Collection entries:
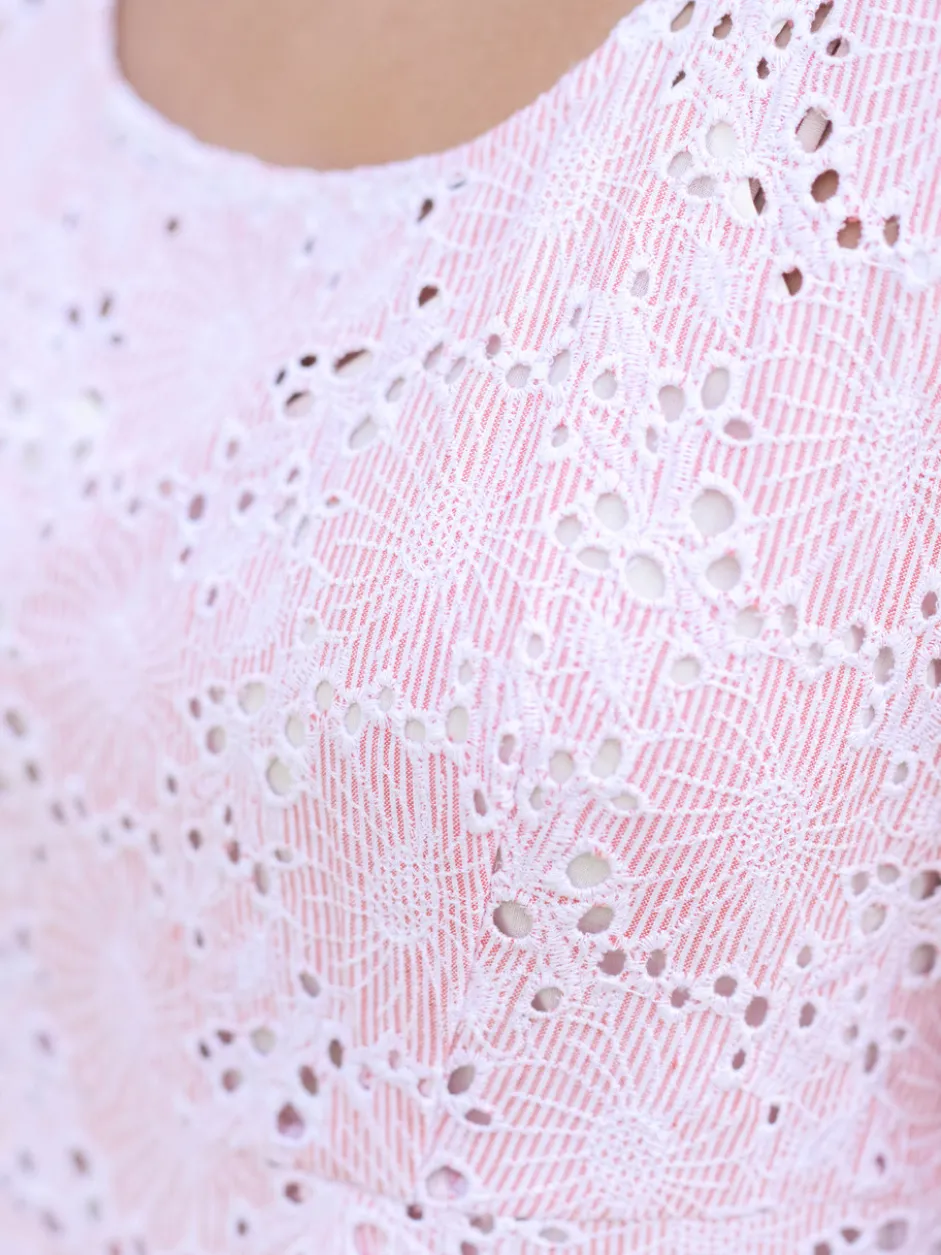 Ariel's Eyelet Porch Dress - Rose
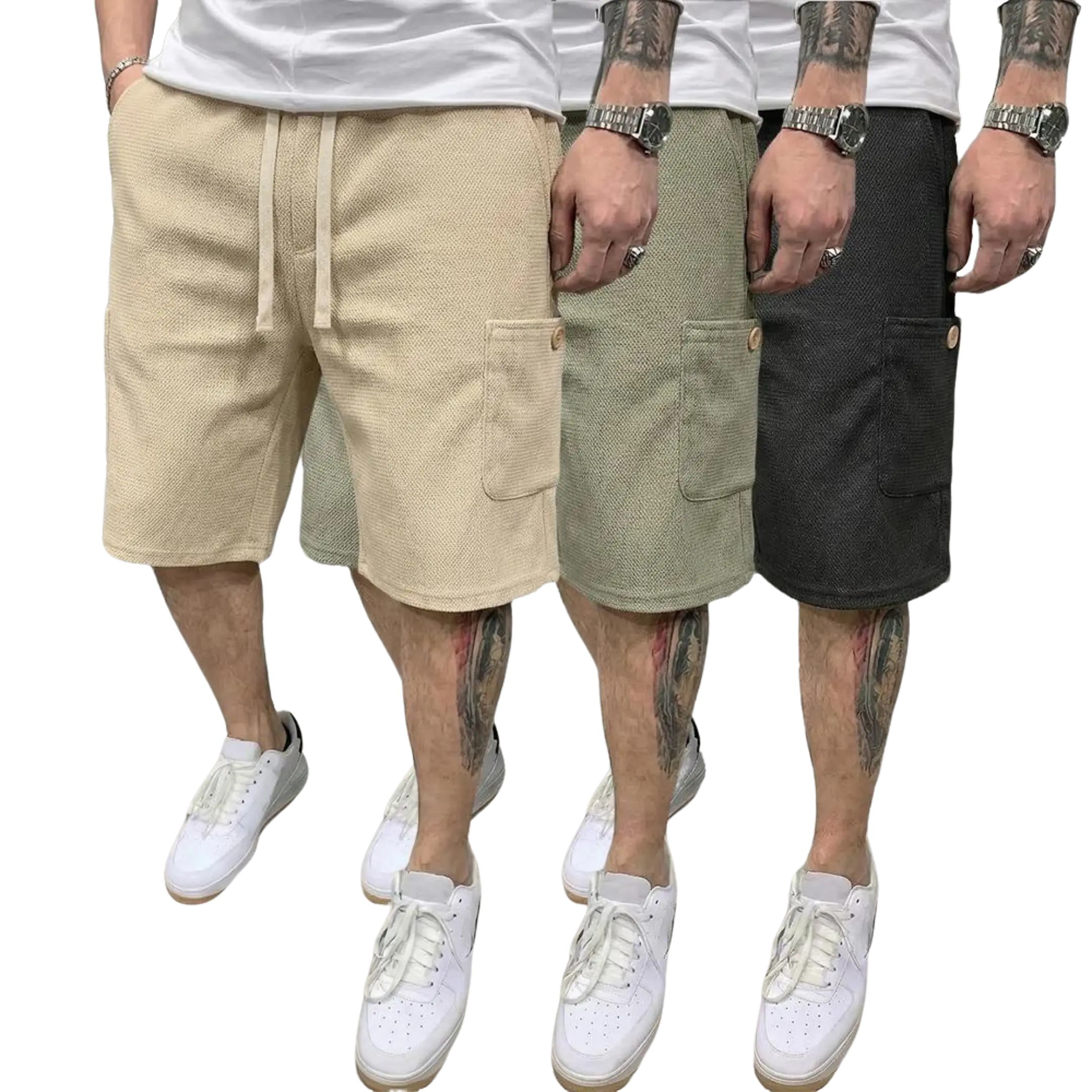 Men's 3-Pack Tropical Plain Casual Athleisure Street Shorts - Polyester, Drawstring Mid Waist, Large Pockets, Buttons, Breathable Straight Cut, Mid-Knee Length, Casual Comfy Loose, for Streetwear Outfits & Everyday Use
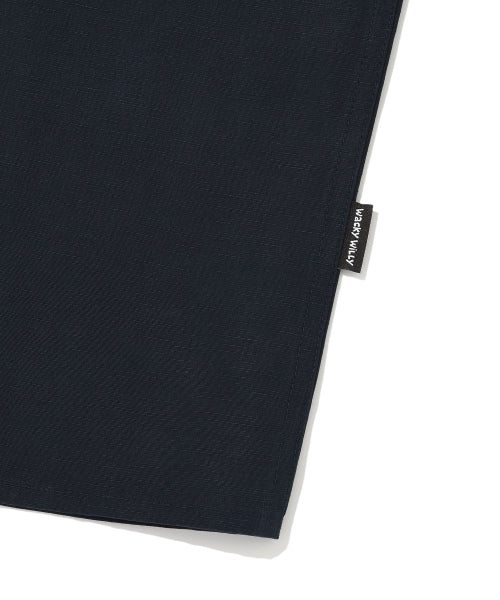 linen blended overfit short-sleeved shirt navy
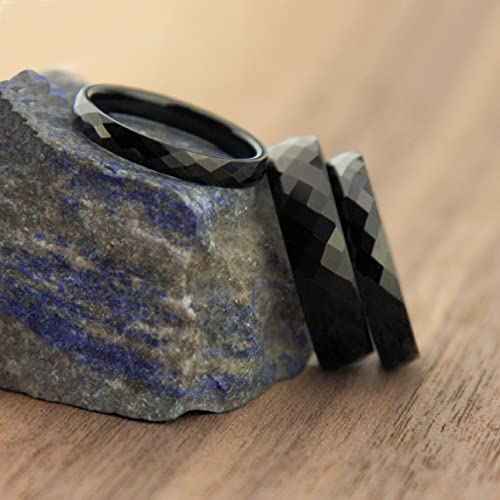 Tungsten Carbide Faceted Honeycomb Wedding Band Plated in Gold, Rose Gold or Black Ring - color: Black-3mm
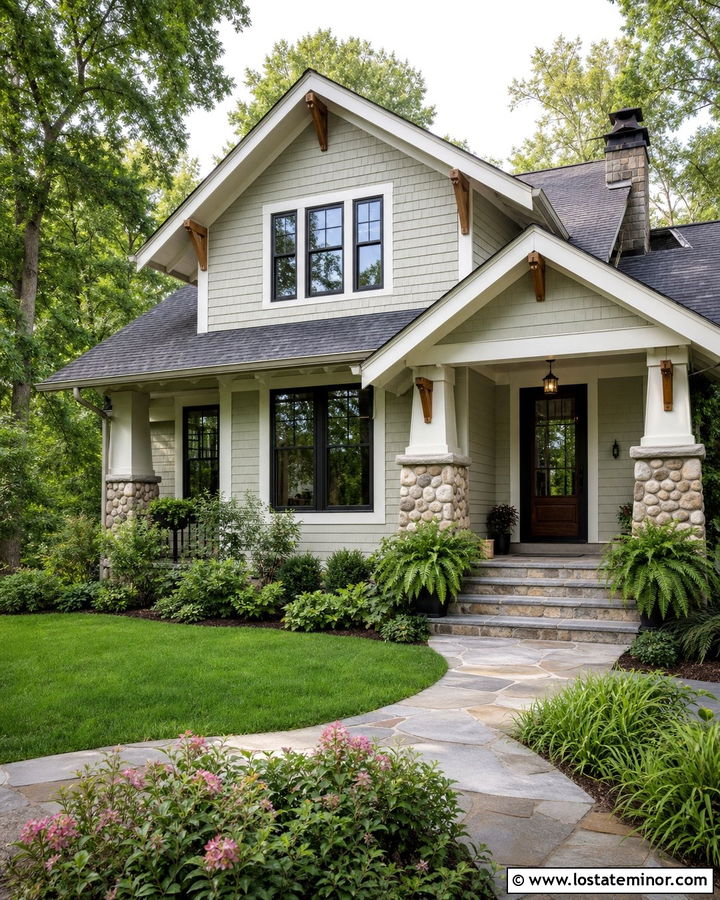 Off White Craftsman With Wood Front Door And Black Storm Door - 30 Off White House Design With Storm Door Ideas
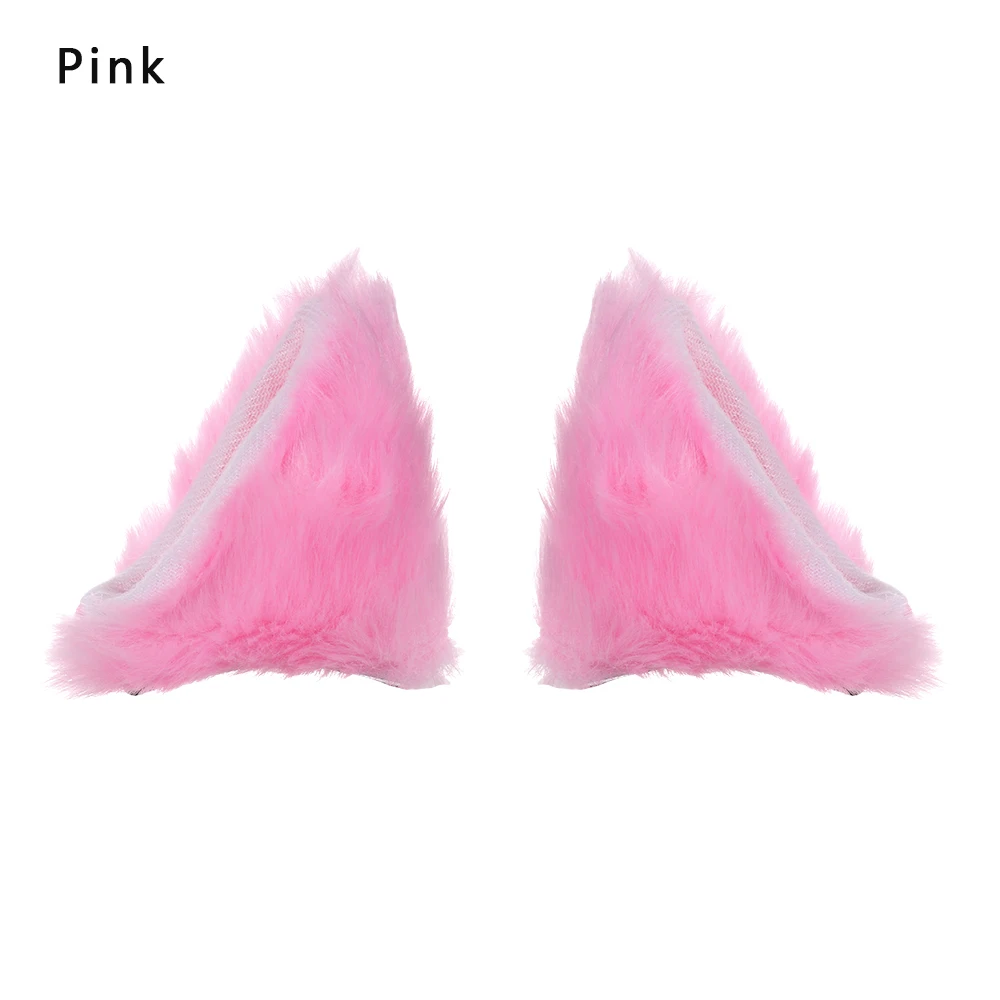 pink2 1 пара для вечеринки, клуба, бара, отделочный заколка для волос Плюшевый игровой комплекс для кошек из лисьего меха ухо девочек-младенцев с тематикой Хэллоуина, Косплэй Аниме Костюм кошачьими ушками орекьетте Orecchiette - Цвет: pink2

PROBLEM DETAILS: Print every record above exactly, but no pictures.

ANSWER BOX:
 Ariel's Eyelet Porch Dress - Rose
 Men's 3-Pack Tropical Plain Casual Athleisure Street Shorts - Polyester, Drawstring Mid Waist, Large Pockets, Buttons, Breathable Straight Cut, Mid-Knee Length, Casual Comfy Loose, for Streetwear Outfits & Everyday Use
 linen blended overfit short-sleeved shirt navy
 Tungsten Carbide Faceted Honeycomb Wedding Band Plated in Gold, Rose Gold or Black Ring - color: Black-3mm
 Off White Craftsman With Wood Front Door And Black Storm Door - 30 Off White House Design With Storm Door Ideas
 pink2 1 пара для вечеринки, клуба, бара, отделочный заколка для волос Плюшевый игровой комплекс для кошек из лисьего меха ухо девочек-младенцев с тематикой Хэллоуина, Косплэй Аниме Костюм кошачьими ушками орекьетте Orecchiette - Цвет: pink2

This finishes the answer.